### Work request
When you reach the line containing "Box Calfskin 30 Montaigne Box Bag Blue" in the entries below, start writing out each line exactly, and stop after the line containing "Veteran politician flexes".

### Provided information
+---+
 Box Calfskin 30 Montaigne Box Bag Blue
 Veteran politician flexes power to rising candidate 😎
+---+
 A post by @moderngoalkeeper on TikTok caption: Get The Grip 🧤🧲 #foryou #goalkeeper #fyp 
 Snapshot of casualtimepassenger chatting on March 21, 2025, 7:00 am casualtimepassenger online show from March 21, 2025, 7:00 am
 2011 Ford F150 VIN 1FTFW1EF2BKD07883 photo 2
+---+
### Completed exercise
 Box Calfskin 30 Montaigne Box Bag Blue
 Veteran politician flexes power to rising candidate 😎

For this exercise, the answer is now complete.